Shimon Benattar picture Shimon Benattar · Jul 22, 2013 · Viewed 10.9k times · Source

I have an http server writing log files which I then load into HDFS using Flume First I want to filter data according to data I have in my header or body. I read that I can do this using an interceptor with regex, can someone explain exactly what I need to do? Do I need to write Java code that overrides the Flume code?

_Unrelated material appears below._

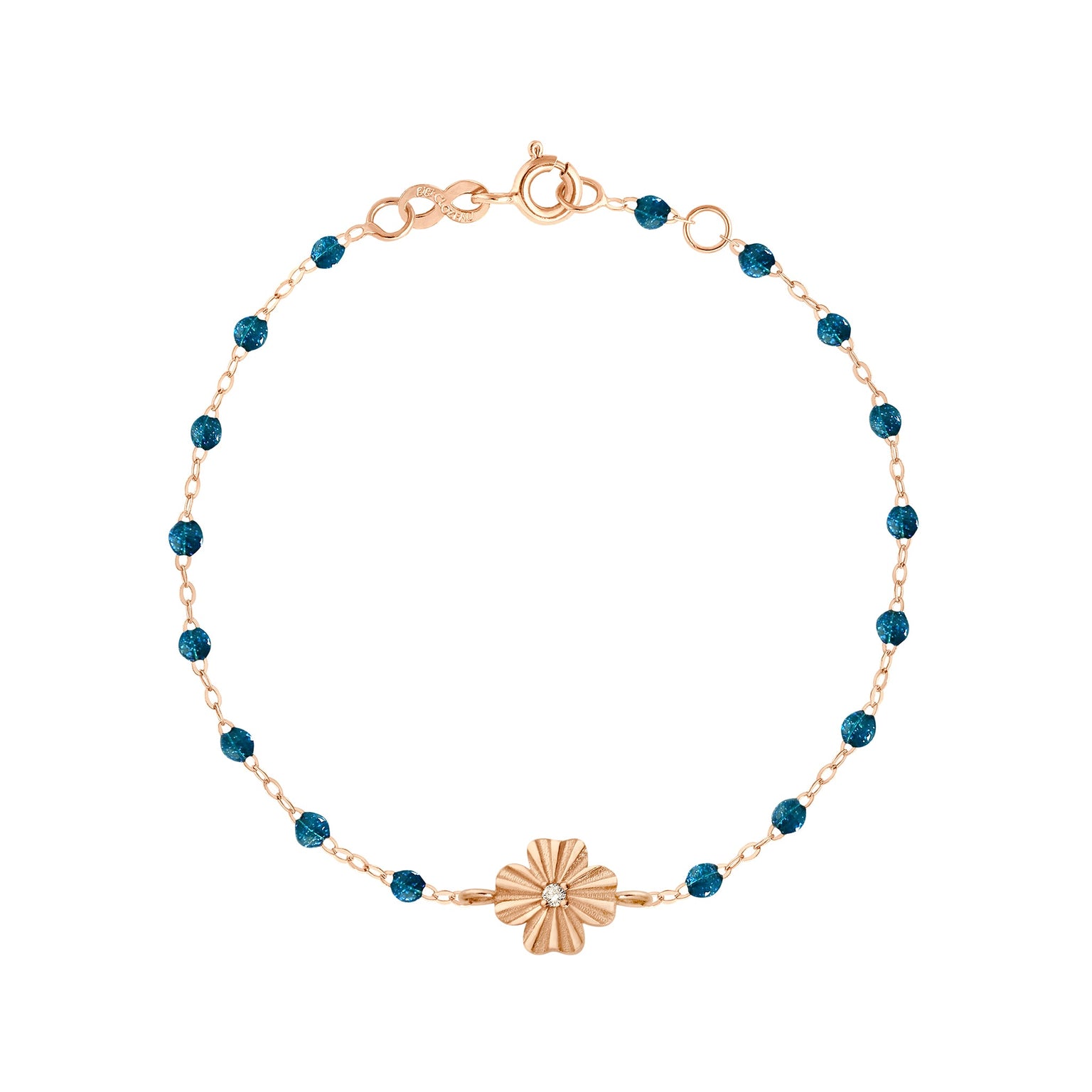 Gigi Clozeau - Clover Lumière Jungle Diamond Bracelet, Rose Gold, 6.7"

Also I would like to take data and according to the header send it to a different sink (i.e source=1 goes to sink1 and source=2 goes to sink2) how is this done?

thank you,

Shimon

Answer

Dmitry picture Dmitry · Jul 22, 2013

You don't need to write Java code to filter events. Use Regex Filtering Interceptor to filter events which body text matches some regular expression:

agent.sources.logs_source.interceptors = regex_filter_interceptor
agent.sources.logs_source.interceptors.regex_filter_interceptor.type = regex_filter
agent.sources.logs_source.interceptors.regex_filter_interceptor.regex = <your regex>
agent.sources.logs_source.interceptors.regex_filter_interceptor.excludeEvents = true

To route events based on headers use Multiplexing Channel Selector:

a1.sources = r1
a1.channels = c1 c2 c3 c4
a1.sources.r1.selector.type = multiplexing
a1.sources.r1.selector.header = state
a1.sources.r1.selector.mapping.CZ = c1
a1.sources.r1.selector.mapping.US = c2 c3
a1.sources.r1.selector.default = c4

Here events with header "state"="CZ" go to channel "c1", with "state"="US" - to "c2" and "c3", all other - to "c4".

This way you can also filter events by header - just route specific header value to channel, which points to Null Sink.